Today Somemaru had two shows, at different venues. The first show was at the Hanjôtei. I am thrilled that Kamigata Rakugo finally has its own yose again (est. 2006, the first in the post-WWII era). Somemaru finished today’s Hanjôtei appearance with an auspicious dance to celebrate the New Year.
On the way to the next show we stopped by the temple Isshinji, near in Tennoji, to pay a visit to the grave of Hayashiya Somemaru II (1867-1952), which essentially serves as a symbol for this great artistic name, and its history, which dates back to the first Somemaru (c. 1831-1877). The second show of the day was at the Isshinji theater, where the current Somemaru performs annually.
At both venues I received otoshi-dama from elder storytellers. When I get money gifts in this fashion it is my obligation to go directly to Somemaru, show him the envelope(s) that holds the money, announce who it is from, and tell Somemaru “thank you.” After all, if I weren’t associated with Somemaru, I wouldn’t receive such gifts.

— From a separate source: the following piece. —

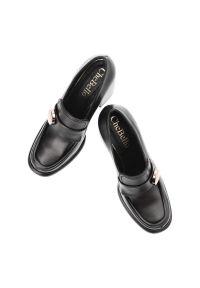 Czarne Półbuty CheBello Wygodne Skórzane Buty. Okazja: na randkę, na spotkanie biznesowe. Zapięcie: klamry. Kolor: czarny. Materiał: skóra. Obcas: na obcasie. Styl: klasyczny, elegancki, biznesowy. Wysokość obcasa: niski #2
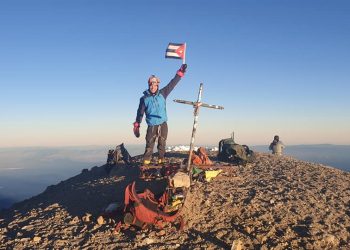 Yandy Núñez en la cima del Pico de Orizaba, la montaña más alta de México. Foto: Tomada de su perfil de Facebook.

It was a busy day, but it was nice to get back into the swing of things with rakugo after the holiday hiatus.
Finally, I have to share one more picture. We ran into this sign that reads “Aizen san,” for a nearby temple and pond. A second possible reading for the Chinese characters is “Aisome san,” the name of this pupil, who is currently undergoing training with Somemaru.